Aksi 22 Mei, Stasiun Kereta Jadi Target Lemparan Batu hingga Bom Molotov

Digtara.com | JAKARTA – Suara ledakan keras masih nyaring terdengar. Takbir berkumandang tiada henti. Massa Aksi 22 Mei 2019 masih menekan pihak kepolisian dimana kondisi Tanah Abang masih belum kondusif.

Pantauan, beberapa korban luka tembak terlihat. Di lokasi, kebanyakan dari mereka terkena tembak di bagian kaki dan lengan. Ada satu korban di bagian perut.

Muat Lebih

Tidak hanya itu, luka ringan seperti mata perih karena gas air mata dan pusing-pusing pun banyak dikeluahkan para massa yang datang dari berbagai wilayah di Jakarta.

Berbagai upaya penekanan yang diberikan massa 22 Mei 2019 di Tanah Abang, kebanyakan dari mereka melemparkan batu dan beberapa balok kayu. Hal ini dilakukan di gang “Kapal Api” di kawasan Stasiun Tanah Abang.

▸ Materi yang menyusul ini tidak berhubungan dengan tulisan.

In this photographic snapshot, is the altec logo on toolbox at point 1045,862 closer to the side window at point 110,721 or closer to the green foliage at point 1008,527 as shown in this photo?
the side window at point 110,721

Setelah perlawanan diberikan, petugas kepolisian kemudian memberi desakan supaya aksi tidak dilanjutkan dengan gas air mata dan beberapa tembakan peluru karet.

Bahkan, tidak hanya batu, melihat massa aksi juga membuat bom molotov dan melemparkannya ke pihak kepolisian. Hal ini semakin membuat suasana panas. Massa pun berlarian menjauh dari desakan pihak kepolisian.

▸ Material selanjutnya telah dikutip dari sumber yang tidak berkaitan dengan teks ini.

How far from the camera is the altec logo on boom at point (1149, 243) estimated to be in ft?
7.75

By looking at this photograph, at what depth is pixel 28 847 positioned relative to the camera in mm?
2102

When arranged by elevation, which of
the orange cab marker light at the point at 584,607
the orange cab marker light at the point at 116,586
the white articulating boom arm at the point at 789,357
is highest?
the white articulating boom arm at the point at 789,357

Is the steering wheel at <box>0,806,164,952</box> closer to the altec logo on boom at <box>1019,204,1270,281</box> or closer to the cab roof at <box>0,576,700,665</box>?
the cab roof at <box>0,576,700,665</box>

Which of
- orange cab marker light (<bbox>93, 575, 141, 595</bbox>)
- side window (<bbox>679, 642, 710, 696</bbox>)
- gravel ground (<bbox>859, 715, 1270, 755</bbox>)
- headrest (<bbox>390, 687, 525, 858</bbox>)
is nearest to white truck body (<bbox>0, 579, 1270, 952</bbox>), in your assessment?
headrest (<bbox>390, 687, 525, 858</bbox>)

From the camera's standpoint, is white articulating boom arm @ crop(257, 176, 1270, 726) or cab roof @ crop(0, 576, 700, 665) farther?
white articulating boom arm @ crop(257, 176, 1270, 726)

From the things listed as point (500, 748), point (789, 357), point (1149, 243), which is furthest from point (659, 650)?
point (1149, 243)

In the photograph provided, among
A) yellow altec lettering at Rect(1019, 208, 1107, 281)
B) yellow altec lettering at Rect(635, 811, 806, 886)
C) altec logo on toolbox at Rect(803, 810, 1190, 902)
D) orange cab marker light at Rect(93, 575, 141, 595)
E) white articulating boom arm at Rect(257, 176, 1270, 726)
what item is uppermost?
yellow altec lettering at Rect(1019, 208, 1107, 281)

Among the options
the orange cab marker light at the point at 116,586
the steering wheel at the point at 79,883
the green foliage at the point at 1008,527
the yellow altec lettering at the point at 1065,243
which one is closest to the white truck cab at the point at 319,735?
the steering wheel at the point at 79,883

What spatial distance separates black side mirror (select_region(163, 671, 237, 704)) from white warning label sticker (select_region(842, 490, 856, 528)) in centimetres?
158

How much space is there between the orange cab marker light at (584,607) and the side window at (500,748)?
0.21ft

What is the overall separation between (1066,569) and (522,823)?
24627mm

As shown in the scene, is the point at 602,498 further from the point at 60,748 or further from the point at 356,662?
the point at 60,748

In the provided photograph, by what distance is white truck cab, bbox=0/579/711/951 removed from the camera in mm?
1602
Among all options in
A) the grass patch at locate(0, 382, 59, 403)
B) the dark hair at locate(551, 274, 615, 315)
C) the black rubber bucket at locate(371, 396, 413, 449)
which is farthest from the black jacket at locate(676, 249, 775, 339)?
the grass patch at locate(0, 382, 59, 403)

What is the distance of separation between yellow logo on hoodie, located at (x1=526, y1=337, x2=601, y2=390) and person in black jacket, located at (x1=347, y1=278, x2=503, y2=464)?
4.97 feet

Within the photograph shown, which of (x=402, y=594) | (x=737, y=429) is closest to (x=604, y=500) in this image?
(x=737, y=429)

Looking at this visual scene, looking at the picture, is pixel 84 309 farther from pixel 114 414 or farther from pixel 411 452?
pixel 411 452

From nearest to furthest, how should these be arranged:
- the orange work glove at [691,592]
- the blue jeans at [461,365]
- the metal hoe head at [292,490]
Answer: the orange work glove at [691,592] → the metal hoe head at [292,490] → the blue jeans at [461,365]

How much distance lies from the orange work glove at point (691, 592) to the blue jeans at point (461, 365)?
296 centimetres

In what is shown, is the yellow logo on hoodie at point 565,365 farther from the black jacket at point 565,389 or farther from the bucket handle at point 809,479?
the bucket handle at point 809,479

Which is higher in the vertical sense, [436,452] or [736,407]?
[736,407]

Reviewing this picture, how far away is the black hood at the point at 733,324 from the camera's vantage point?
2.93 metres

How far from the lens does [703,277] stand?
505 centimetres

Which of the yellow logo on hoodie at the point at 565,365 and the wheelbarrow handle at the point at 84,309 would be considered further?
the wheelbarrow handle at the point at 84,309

Dalam aksi penyelamatan diri, melihat sesosok kakek berbaju koko putih yang terkena serangan gas air mata. Sambil digopong para remaja, kakek ini coba diselamatkan dengan bantuan air mengalir.

Suasana pun semakin memanas setelah itu. Takbir kembali berkumandang dan aksi 22 Mei 2019 di Tanah Abang masih berlangsung sampai sekarang.